By Monday evening, it must have been clear, even to Donald Trump, that the jig was up. During the previous forty-eight hours, the President’s campaign to overturn the 2020 election result and entrench himself in the White House for another four years had suffered a series of heavy blows. This past weekend, in yet another setback for his legal team, a conservative federal judge in Pennsylvania mockingly dismissed a voter-fraud case that had been filed days earlier. On Monday morning, more than a hundred Republican national-security officials published a public letter calling on Trump to “cease his anti-democratic assault on the integrity of the presidential election.” And, on Monday afternoon, Michigan’s Board of State Canvassers certified that Joe Biden had won the state by more than a hundred and fifty thousand votes.
Trump’s legal options were shrinking away, his political support was crumbling, and even some of his senior aides in the White House were telling him that it was time for a formal transition to a Biden Presidency. Finally, Trump gave in. In a letter to Biden that was leaked to CNN and other media outlets, Emily Murphy, a Trump appointee who heads the General Services Administration, an independent federal agency that, among other duties, provides financing and other forms of support to Presidential transitions, said that she was now ready “to make those resources and services available.” Immediately after Murphy’s letter emerged, Trump sent two tweets, in which he thanked her for “steadfast dedication” and said, “Our case “STRONGLY continues, we will keep up the good … fight, and I believe we will prevail!” But then Trump went on, “Nevertheless, in the best interest of our Country, I am recommending that Emily and her team do what needs to be done with regard to initial protocols, and have told my team to do the same.”
Given Trump’s chronic aversion to being labelled a loser, and his clear intention to use the myth of a stolen election as a rallying cry for his supporters going forward, this pair of tweets may well be the closest he ever comes to issuing a formal concession. Indeed, later on Monday night, he said, in another tweet, “Will never concede to fake ballots & ‘Dominion’.” (“Dominion” refers to Dominion Voting Systems, a company that figures prominently in one of the Trumpian conspiracy theories about the election.) But in an administrative sense, the deed has been done. Trump’s tweets, together with Murphy’s letter, marked an official acknowledgement that Biden is now the President-elect and, as such, is entitled to all the perquisites that go with that status. The flip side of this recognition went unacknowledged by the White House, but it can no longer be denied: Trump is officially a lame duck.

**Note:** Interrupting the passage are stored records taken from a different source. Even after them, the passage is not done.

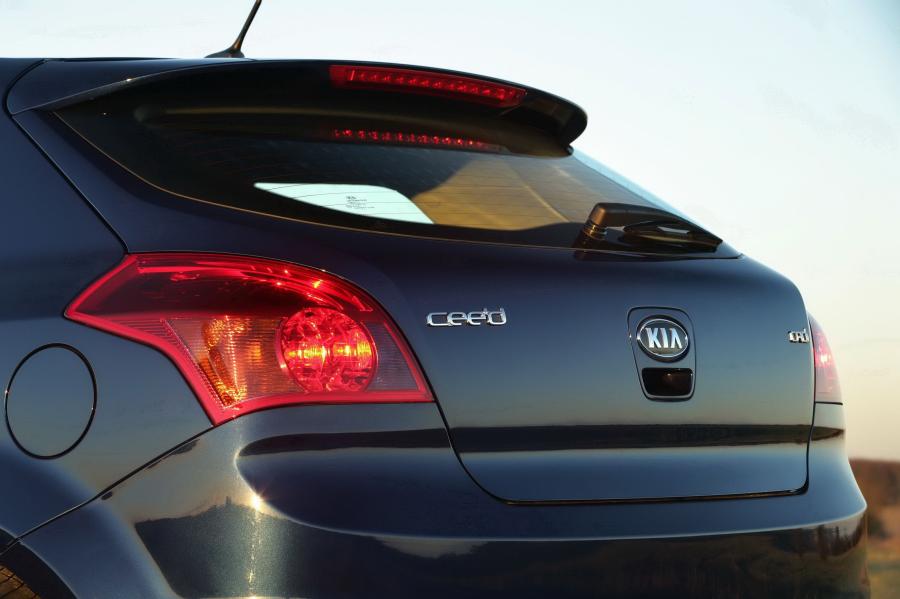  Kia pro_cee&rsquo;d 2008 года  (фото 61 из 182)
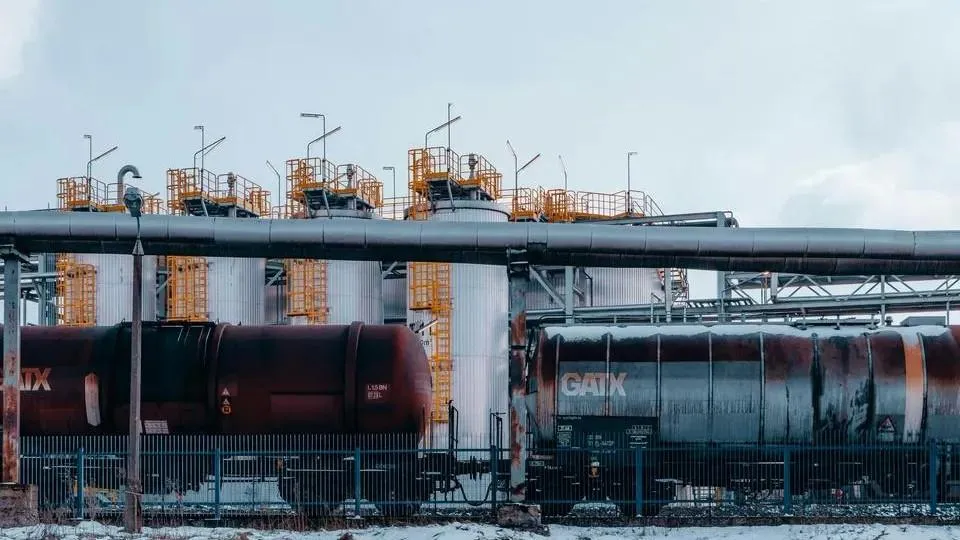 После серии взрывов в Энгельсе загорелась нефтебаза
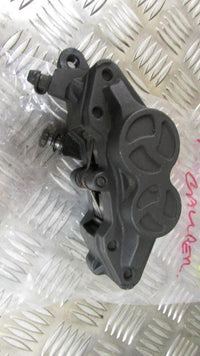 Triumph ST Sprint 1050, 05>10 ÉTRIER DE FREIN, PINCEFREIN avant gauche ,,FRONT L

Trump’s anti-democratic assault—it was refreshing to see even some Republicans using such plain language—isn’t over. In the days and weeks ahead, Rudy Giuliani and his colleagues will go on with their madcap legal efforts. And Trump will surely continue to insist that he won the election, probably to his dying day. But the official start of the transition has turned all that into a sideshow. For now, at least, the future belongs to the next President, who is already busy rolling out his Cabinet appointments.
No matter how you regard the specific prospect of a Biden Presidency, these developments are excellent news for American democracy. Four years ago, I wrote a column about the threat that Trump’s victory over Hillary Clinton presented. While distancing myself from some historians and political scientists who were then comparing the President-elect to Hitler or Mussolini, I noted some of the serious dangers that lay ahead: “If anything, the isolation and pressures of the Oval Office might further warp his ego and exaggerate his dictatorial tendencies. Surrounded by yes-men, he could well be tempted to try to expand his powers, especially when things go wrong, as they inevitably do at some point in any Presidency.”